2009/3/5 Kevin Teague <kteague at bcgsc.ca>:
> For larger, more complex software stacks I've made attempts at
> versioning the software.
>
> Of course, this is only a slice of the reproducibility picture, since
> you also need to version the data and the steps that were taken to run
> that data through the software ... but it can be useful to just have
> versioning of the software if the quality of data is in question
> because of suspected bugs in a part of the software stack. Or if parts
> of the stack are being upgraded by hand, the state of the installation
> can get pretty murky - especially in software stacks where there is
> turnover in the staff maintiaining them. Being able to completely re-
> build the stack from scratch to a known state with a single command is
> very good.
>
> I used BuildIt (http://pypi.python.org/pypi/buildit/) with my first
> attempt. This gives you a "root.ini" file which can be used to specify
> the versions of all the parts of a stack. This would look something
> like this:
>
> [namespaces]
> python = ${buildoutdir}/tasks/mkpython.ini [2.4.4]

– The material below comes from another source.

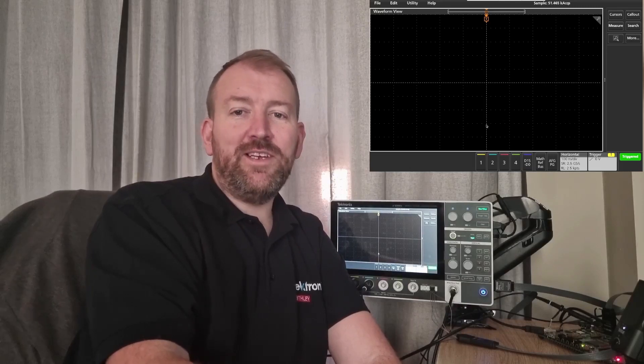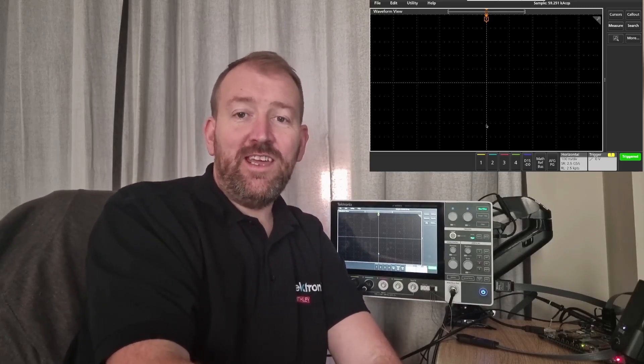Hi, welcome to things you can do with the 2 Series MSO from Tektronix. Today we're going to take a look at the digital channels.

> postgres = ${buildoutdir}/tasks/postgres.ini [8.1.9]
> java = ${buildoutdir}/tasks/java.ini [1.6.0_06]
> exonerate = ${buildoutdir}/tasks/exonerate.ini [1.4.0]

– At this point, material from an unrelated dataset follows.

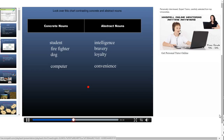We can look at this chart which contrasts concrete and abstract nouns. The student — intelligence is an abstract noun describing the student. Similarly, firefighter — bravery is the abstract noun, meaning the firefighter has the bravery quality. Dog — loyalty is the abstract noun. And convenience relates to computer, which is a concrete noun.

> fftw = ${buildoutdir}/tasks/fftw.ini [3.1.2]
> expat = ${buildoutdir}/tasks/expat.ini [2.0.1]
> eland = ${buildoutdir}/tasks/eland.ini [0.3.0b3]
>
> # Python Packages
> psycopg2 = ${buildoutdir}/tasks/psycopg2.ini [2.0.6]

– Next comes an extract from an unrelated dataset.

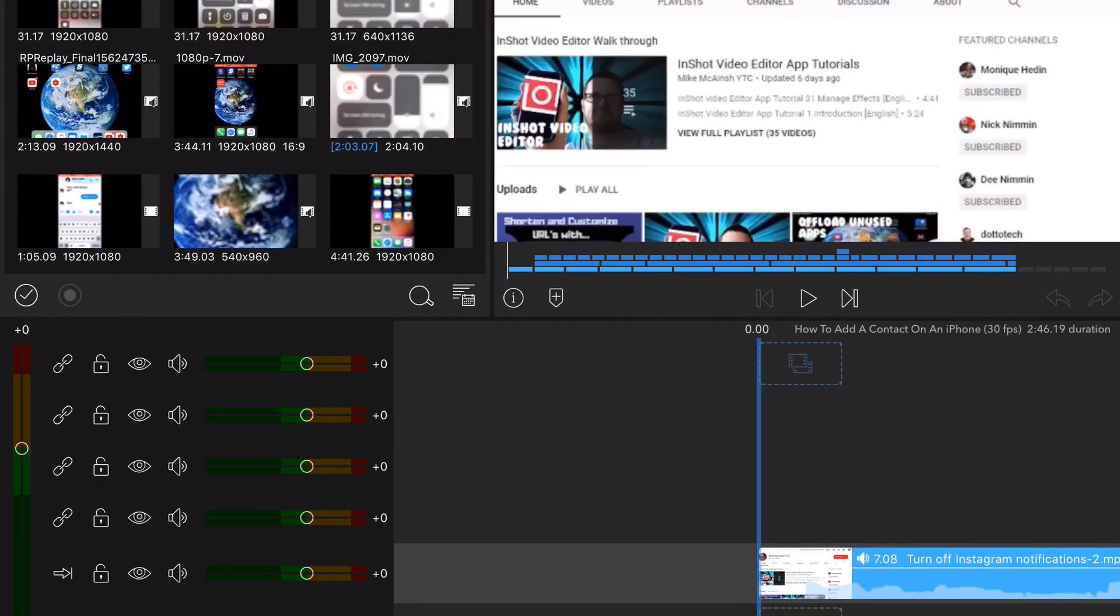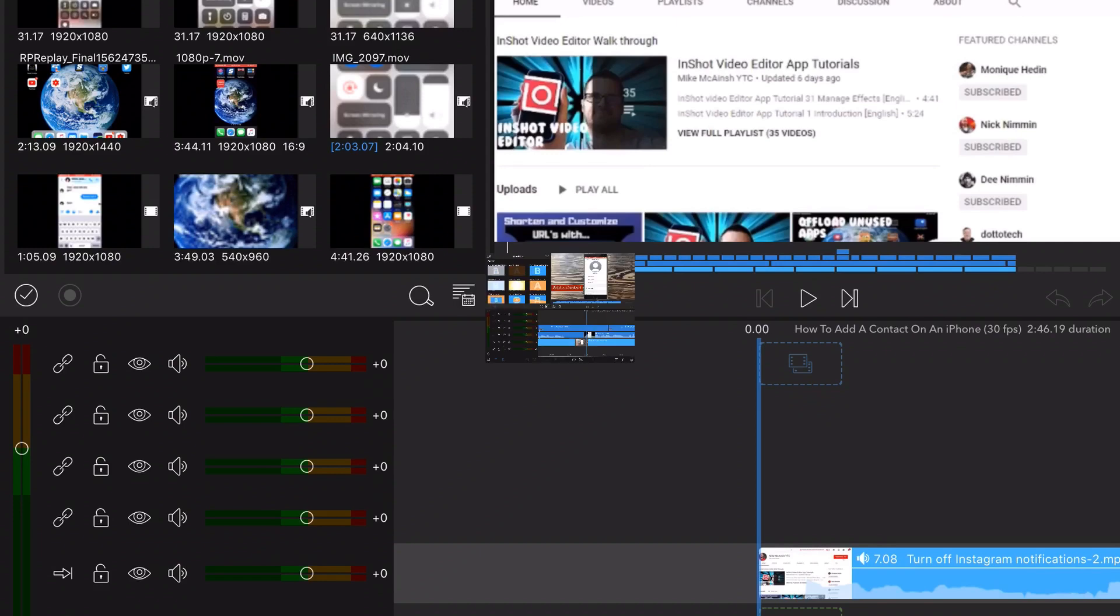Today I'll be showing you how to watch videos in full screen using LumaFusion. When I'm done editing I always watch my videos in full screen to ensure that everything looks good and sounds right.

> pil = ${buildoutdir}/tasks/pil.ini [1.1.5]
> sqlalchemy = ${buildoutdir}/tasks/sqlalchemy.ini [0.3.10]
> numpy = ${buildoutdir}/tasks/numpy.ini [1.0.3.1]
> matplotlib = ${buildoutdir}/tasks/matplotlib.ini [0.90.1]
>
> The "build project" was kept separate from the other Python projects
> used to process the data. In SVN trunk, the build tasks and config
> would be updated to point to newer releases that were being developed
> or tested against. Then an "instance branch" was maintained in SVN at /
> branches/production/. A working copy of this branch was used to
> install all of the software that was ran to generate final results.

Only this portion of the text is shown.